Task directions: For this exercise, reproduce the entries below exactly, but only from the line containing "The Fire of Love : Full Score and Parts" through the line containing "Still from 'The World Is Yours'", both included.

Data to examine:
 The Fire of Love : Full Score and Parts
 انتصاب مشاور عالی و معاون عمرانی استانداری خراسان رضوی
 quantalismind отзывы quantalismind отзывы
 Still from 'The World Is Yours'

* * *

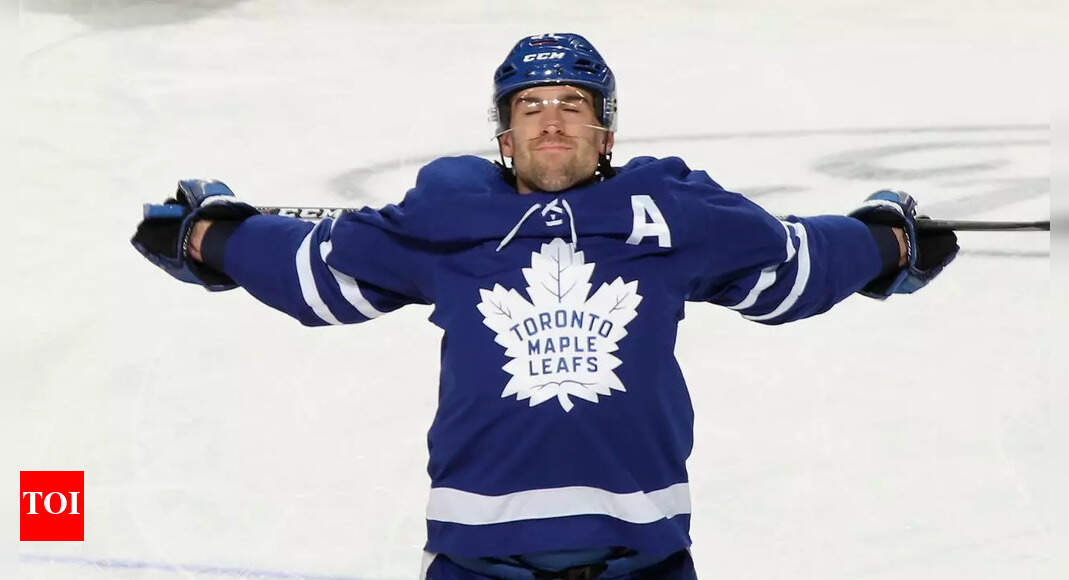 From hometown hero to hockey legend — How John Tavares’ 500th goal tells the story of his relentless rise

Response area:
 The Fire of Love : Full Score and Parts
 انتصاب مشاور عالی و معاون عمرانی استانداری خراسان رضوی
 quantalismind отзывы quantalismind отзывы
 Still from 'The World Is Yours'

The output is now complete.